## Assignment
Copy every entry below exactly as it appears, leaving out the images.

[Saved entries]
[Start of Attachment]

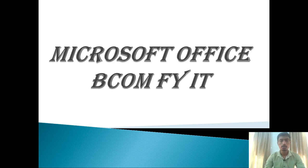Hello, welcome students to our new lecture of Become IT. Today's topic is Microsoft Office.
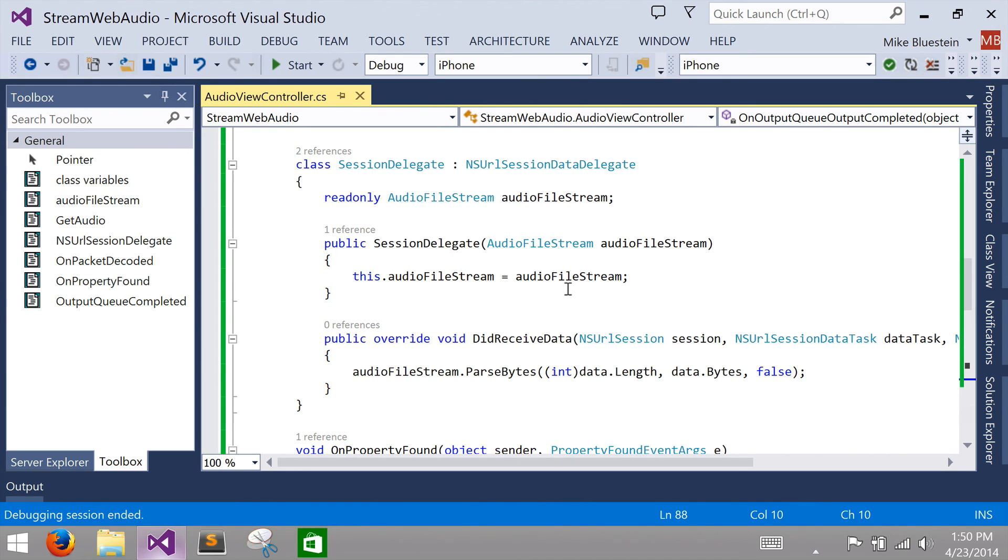So that's a short small application. As you can see with just a very small amount of code, you can implement web-based audio streaming in iOS and you can do it all from Visual Studio with a nice API on top of Core Audio that we've bound and made available to C sharp. Thank you.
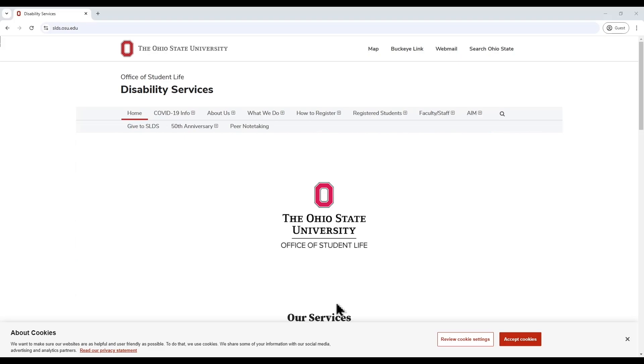Hello and welcome to the Ohio State University's Student Life Disability Services, or SLDS, tutorial on using the Accessible Information Management System, referred to as AIM.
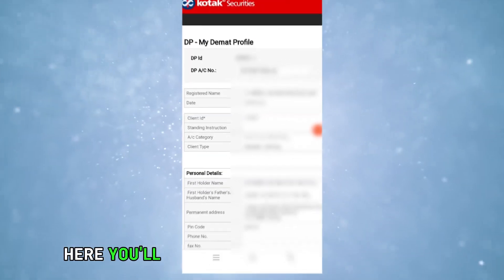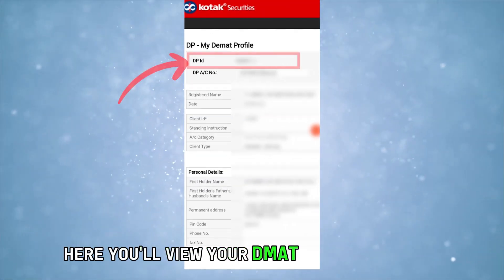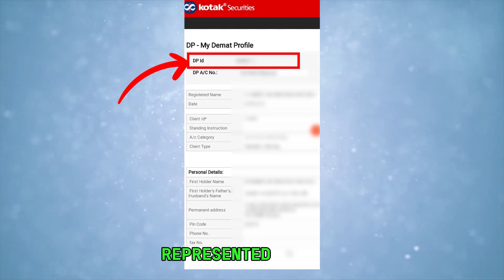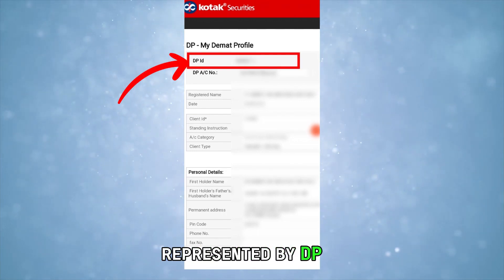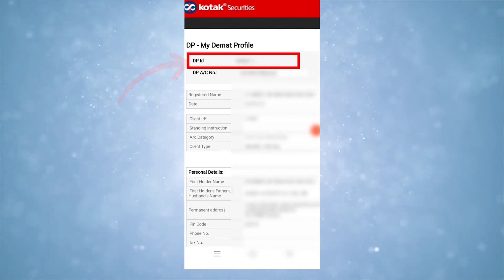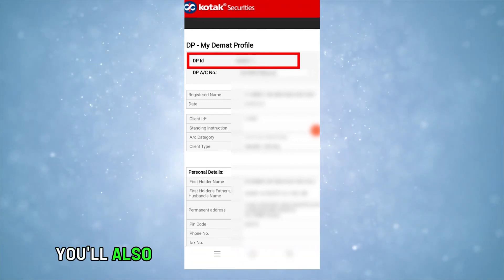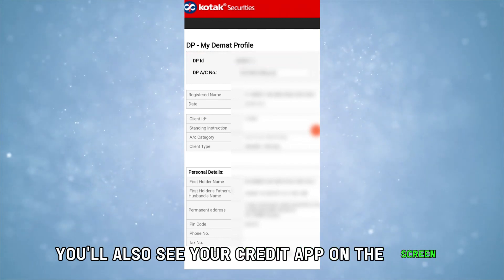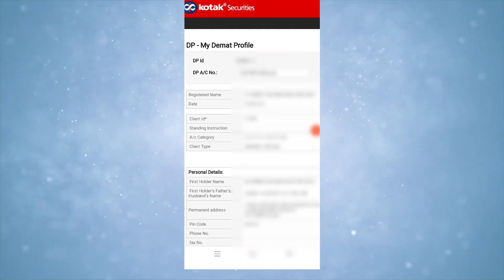Here, you'll view your Demat account number represented by DP ID. You'll also see your Credit app on the screen.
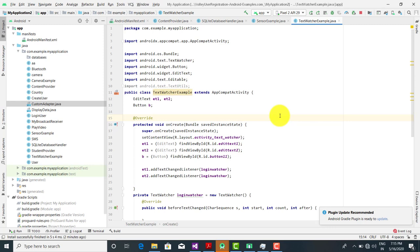Good morning. Now we are going to see an example of TextWatcher. In this example, we have to fill up both the text boxes. If the text boxes are filled then the button is enabled, otherwise the button is disabled. By default the button is disabled, and only when you make an entry in both text boxes is the button enabled. Let's see how to write the code for this.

[End of Attachment]

## Result below
Hello, welcome students to our new lecture of Become IT. Today's topic is Microsoft Office.
So that's a short small application. As you can see with just a very small amount of code, you can implement web-based audio streaming in iOS and you can do it all from Visual Studio with a nice API on top of Core Audio that we've bound and made available to C sharp. Thank you.
Hello and welcome to the Ohio State University's Student Life Disability Services, or SLDS, tutorial on using the Accessible Information Management System, referred to as AIM.
Here, you'll view your Demat account number represented by DP ID. You'll also see your Credit app on the screen.
Good morning. Now we are going to see an example of TextWatcher. In this example, we have to fill up both the text boxes. If the text boxes are filled then the button is enabled, otherwise the button is disabled. By default the button is disabled, and only when you make an entry in both text boxes is the button enabled. Let's see how to write the code for this.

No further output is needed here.